Sheila Perry, a native of Ballyshannon and a class teacher in de La Salle National School, Ballyfermot, Dublin has been announced as a winner of a bursary from the Irish National Teachers’ Organisation to help fund education research.
Ms Perry’s research (to Masters Level in UCD) concerns children with special needs in mainstream schools. It looks at the provisions that are in place in schools in Ireland, the legislation and policy documents that are the backdrop to these provisions and the impact these measures have on children with special needs in schools. It contains a thematic analysis of public case law about special educational needs.
The work will trace special educational provision through five Acts of legislation – the Education Act of 1998, The Equal Status Act 2000, The Education (Welfare) Act 2000, the Education for Persons with Special Educational Needs Act (EPSEN) 2004 and The Disability Act 2005. It will also look at the reports of relevant investigative committees, working groups, policy documents and Department of Education circulars in terms of their influence on legislation for special/ additional needs education in Ireland.
A number of key court cases are explored including Paul O’Donoghue v Minister for Health and others; Jamie Sinnott and Katherine Sinnott v Minister for Education and others; F.N. V Minister for Education and others; T.D. and others V Minister for Education and others and Clare V Minister for Education and Science.

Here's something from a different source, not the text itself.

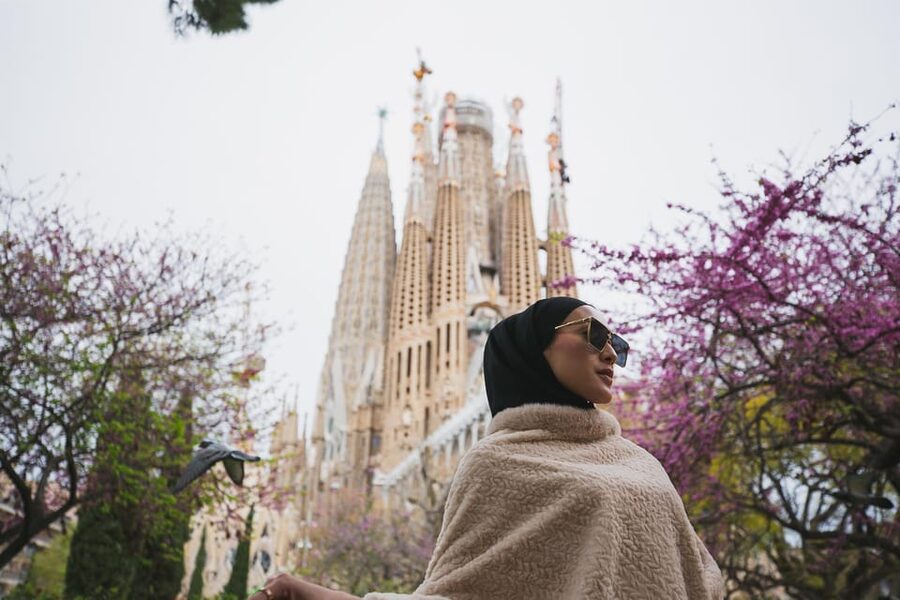 Barcelona: Professional Photoshoot Outside Sagrada Familia - The photo selection and the extra-image question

Schools now find themselves in an increasingly vulnerable legal position meeting their responsibilities as inclusive educators of the children with additional educational needs on their roll books. Ireland has been slow to develop concrete provision in this area but many positive changes have occurred in recent decades. However the regrettable postponement of vital sections of the Education for Persons with Special Educational Needs Act 2004 means that children who are entitled to certain provisions are without legal privilege to individual education plans or assessment.
Speaking at the presentation of the bursaries in Dublin, the President of the INTO, Brendan O Sullivan said it was a source of pride to the INTO that at least 75% of primary teachers voluntarily undertake additional training and study.

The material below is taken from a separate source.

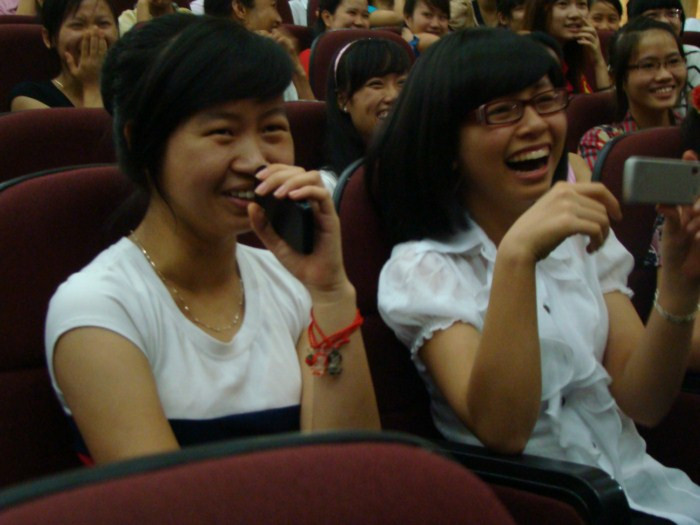 Buổi tư vấn này mang màu sắc rất đặc biệt của trường ĐH Thủy Lợi, chương trình không khô cứng mà rất sôi nổi và vui vẻ. Các sĩ tử liên tục đặt câu hỏi cho tổ tư vấn. Buổi tư vấn này mang màu sắc rất đặc biệt của trường ĐH Thủy Lợi, chương trình không khô cứng mà rất sôi nổi và vui vẻ. Các sĩ tử liên tục đặt câu hỏi cho tổ tư vấn.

“By acquiring new skills and expanding their knowledge, teachers enhance their practice and ultimately everyone benefits – including the children in their classrooms.”
Every year since 1993 primary teachers undertaking research have been supported by the INTO through the Bursary Scheme.
This year, five awards of €1,500 were made. More than fifty applications were submitted in December and judged by an independent assessor from one of the colleges of education.